EXERCISE DETAILS –
Your task is to transcribe each record exactly and to omit every image.

EXERCISE MATERIALS –
== Segment start ==

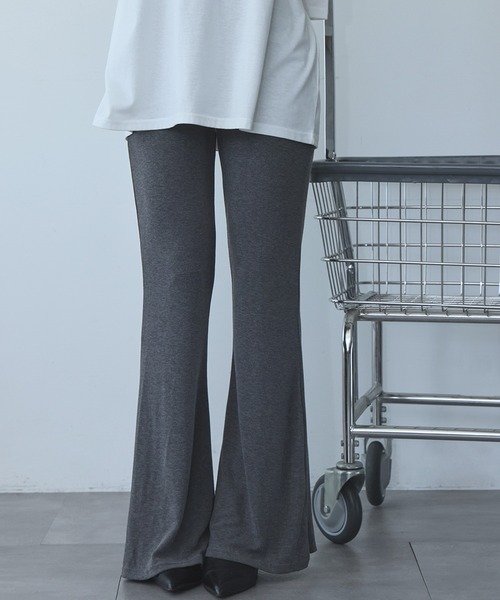 Ampirula(アンピルーラ)の「ウエストゴム フレアパンツ ストレッチ リラックス(その他パンツ・レディース・ブラック/チャコールグレー・FREE)」の12枚目の写真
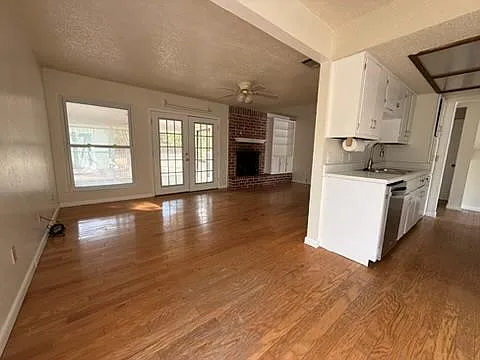 3 bed, 2.0 bath, 1400 sqft, $1,775 — Photo 3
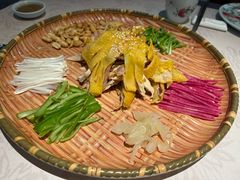 -维园悦谱·海派家常菜(乌鲁木齐南路店)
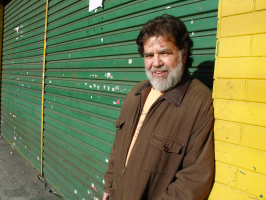 Morre, aos 78 anos, o jornalista e escritor paranaense Toninho Vaz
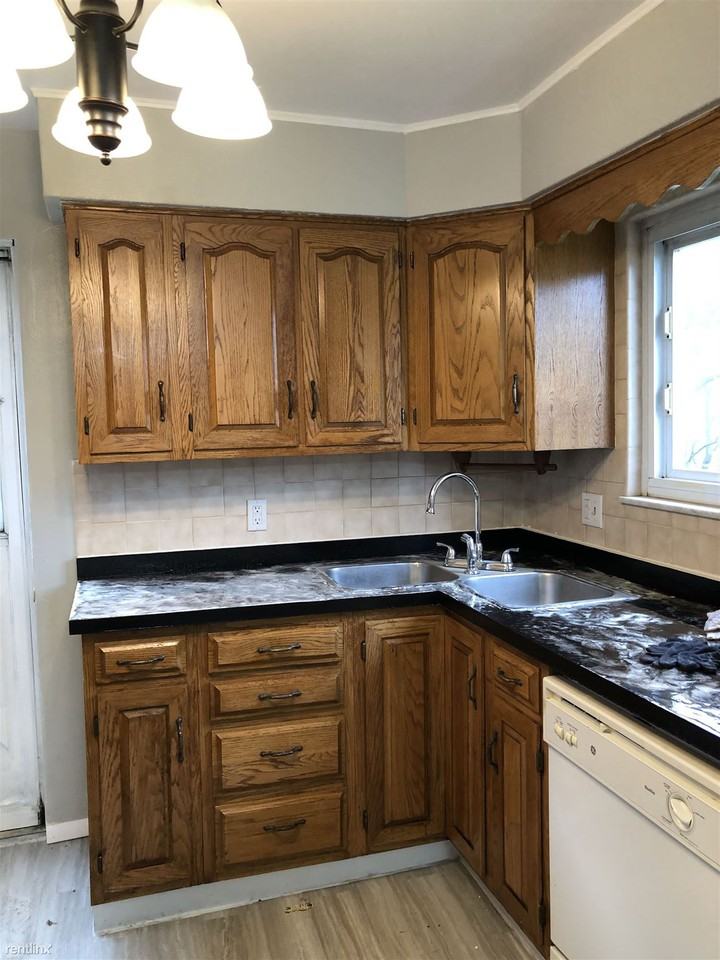 205 Oakland Ave - Photo 3 of 10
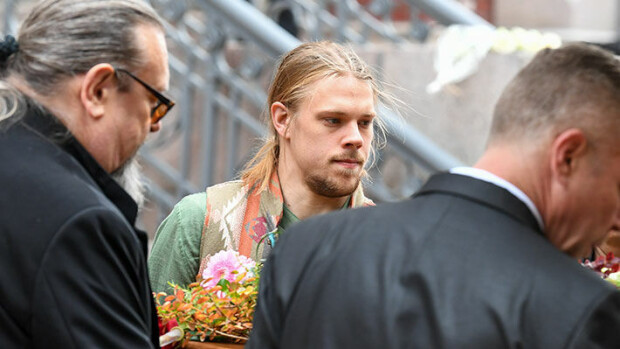 Vesa-Matti Loirin poika reagoi yllättävästi isänsä arkulla - katso kuvat sampo loiri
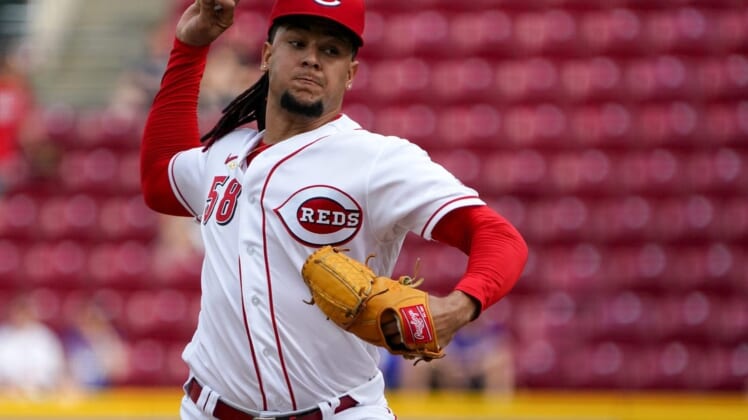 Cincinnati Reds starting pitcher Luis Castillo (58) delivers in the first inning during a baseball game against the Chicago Cubs, Wednesday, May 25, 2022, at Great American Ball Park in Cincinnati.Chicago Cubs At Cincinnati Reds May 254 0022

== Segment end ==

OUTPUT OF THE TASK –
 Ampirula(アンピルーラ)の「ウエストゴム フレアパンツ ストレッチ リラックス(その他パンツ・レディース・ブラック/チャコールグレー・FREE)」の12枚目の写真
 3 bed, 2.0 bath, 1400 sqft, $1,775 — Photo 3
 -维园悦谱·海派家常菜(乌鲁木齐南路店)
 Morre, aos 78 anos, o jornalista e escritor paranaense Toninho Vaz
 205 Oakland Ave - Photo 3 of 10
 Vesa-Matti Loirin poika reagoi yllättävästi isänsä arkulla - katso kuvat sampo loiri
 Cincinnati Reds starting pitcher Luis Castillo (58) delivers in the first inning during a baseball game against the Chicago Cubs, Wednesday, May 25, 2022, at Great American Ball Park in Cincinnati.Chicago Cubs At Cincinnati Reds May 254 0022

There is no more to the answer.